Logo

Upfront Navigator: UNIVISION: Solidifying Its Place as the New Fifth Broadcast Net

May 15, 2006  •  Post A Comment

Now that Univision’s audiences are being measured alongside English-language rivals, the leading U.S. Spanish-language network is proving that it’s a ratings performer on par with The WB and UPN.

The big question is what happens next season, with the launch of The CW, which combines much of UPN and The WB’s current programming, and the debut of MyNetworkTV, which will be the first network to offer Univision English-language competition in the telenovela market.

Advertisers and ad sales executives have been taking a growing interest in Spanish-language broadcasting for the past few years, and Univision’s placement on Nielsen Media Research’s National Television Index allows direct comparisons with English-language networks.

“In terms of how [Univision and rival network Telemundo] are doing, it’s huge,” said Shari Ann Brill, VP and director of programming for Carat USA, quoting Nielsen Media Research ratings for the week ended May 7. “This past week Univision had a 1.5 rating among adults 18 to 49, defeating The WB and UPN. That’s big stuff. It effectively makes them the fifth network.”

Univision has long been the dominant player within the Spanish-language market in the U.S., thanks to its network of stations and its ability to exclusively secure programming from Mexico City-based production powerhouse Televisa, which owns an 11 percent stake in the network.

The Televisa relationship gives Univision access to some of Latin America’s most popular prime-time soap operas, or telenovelas, as well as hit reality programming franchises such as “Bailando Por Un Sue%F1;o” (“Dancing For a Dream”), a “Dancing With the Stars”-like competition that wrapped up its third cycle on Univision May 7.
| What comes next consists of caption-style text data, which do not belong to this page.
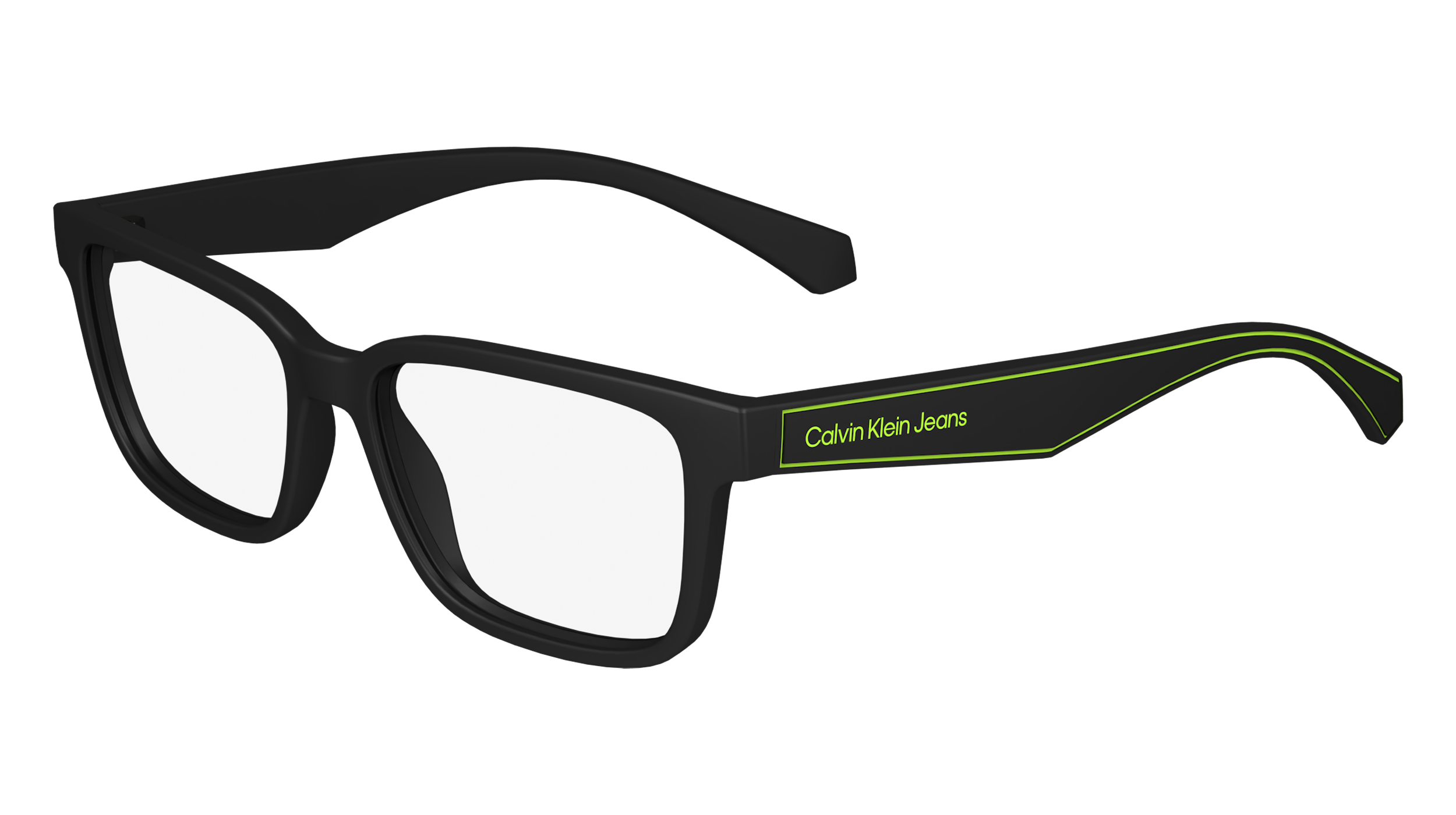 Calvin Klein Jeans CKJ24305 1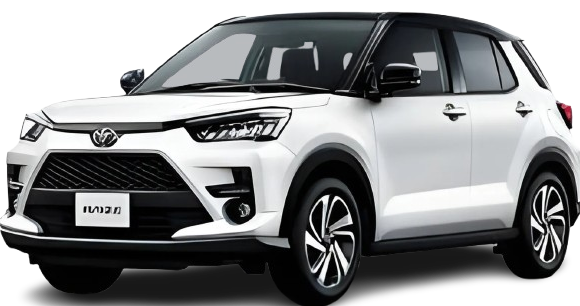 Japanese Used Car for sale in Pakistan | Nobuko japan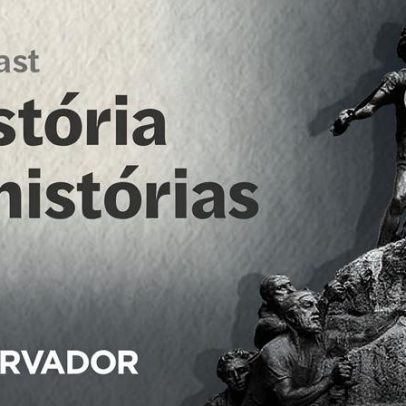 A mãe de Aquilino homenageada em retrato comovente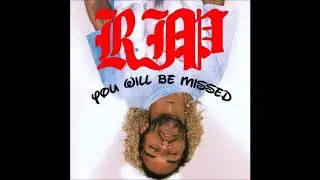 67. 2SEAT - MISSIN [??.??.201?]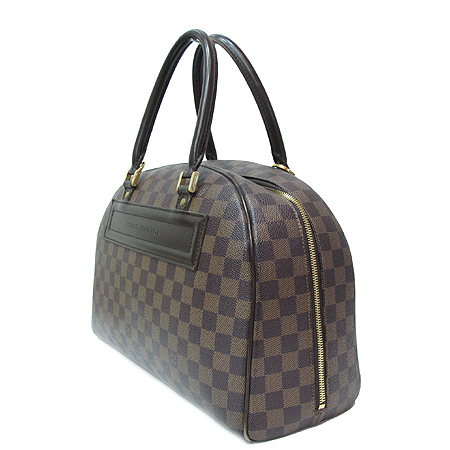 Louis Vuitton(���̺���) N41455 �ٹ̿� ĵ���� �븮Ÿ ��Ʈ�� [�ϻ����] �̹���2 - ���̺��� �߰���ǰ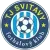TJ Svitavy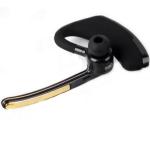Bluetooth Stereo 4.1 Smart Business Headset V8 Support caller name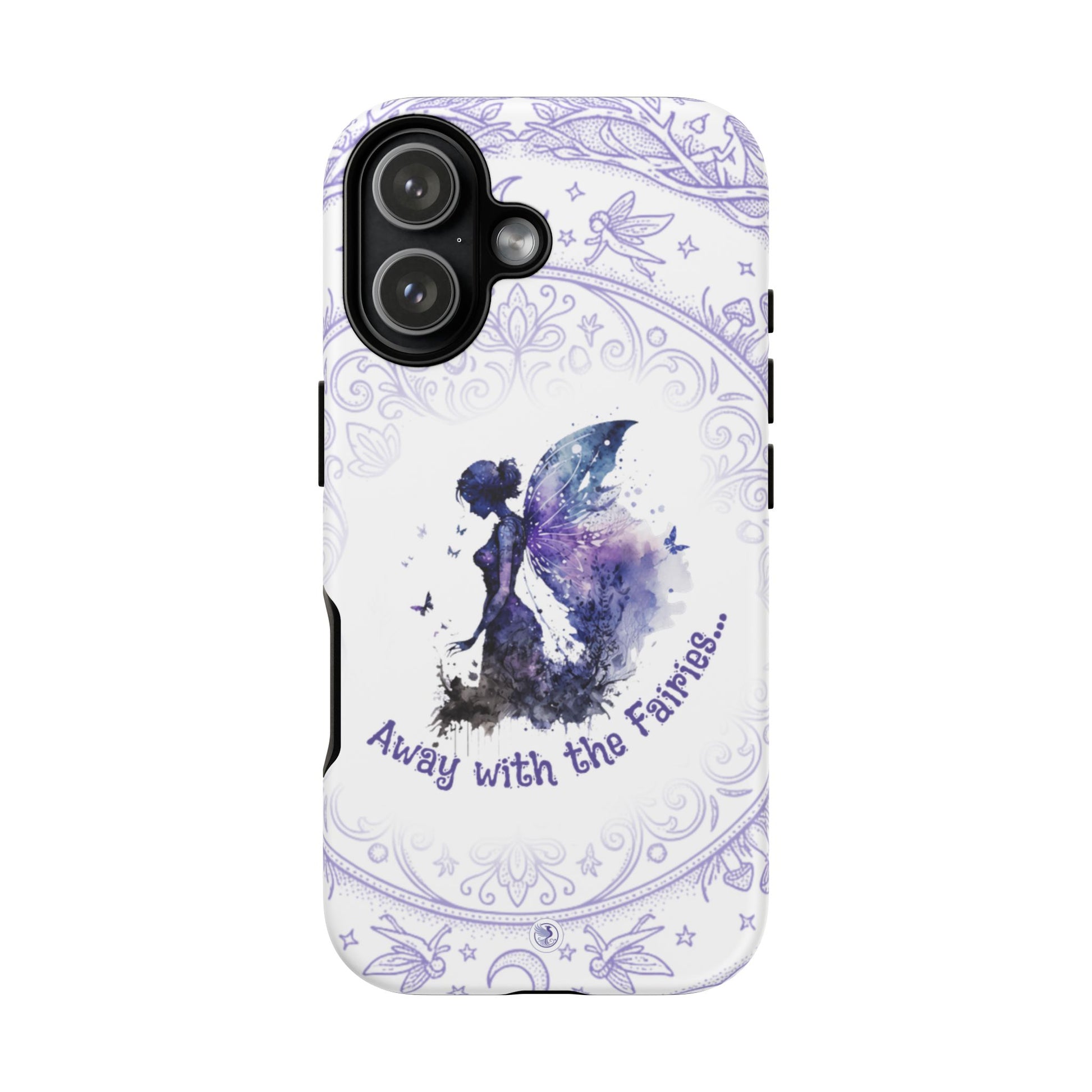 15271589745692452503_2048 - Dreamy Phoenix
The network has also had success with its telecast of the Latin Grammys, which transferred over from the general market networks last year.

Soon after Univision transferred to the new Nielsen audience measurement index in December, The WB released a statement warning the industry against drawing any conclusions from the initial ratings data.

“As is the case with radio, foreign-language networks by nature target a very different audience and tend to do very well with their core audiences,” The WB said in the release.

Even though the audiences are different, ad sales executives like Ms. Brill are paying attention to what Univision and other Spanish-language networks have to offer.

“Now that they are being measured, I’ll look a lot more closely,” she said.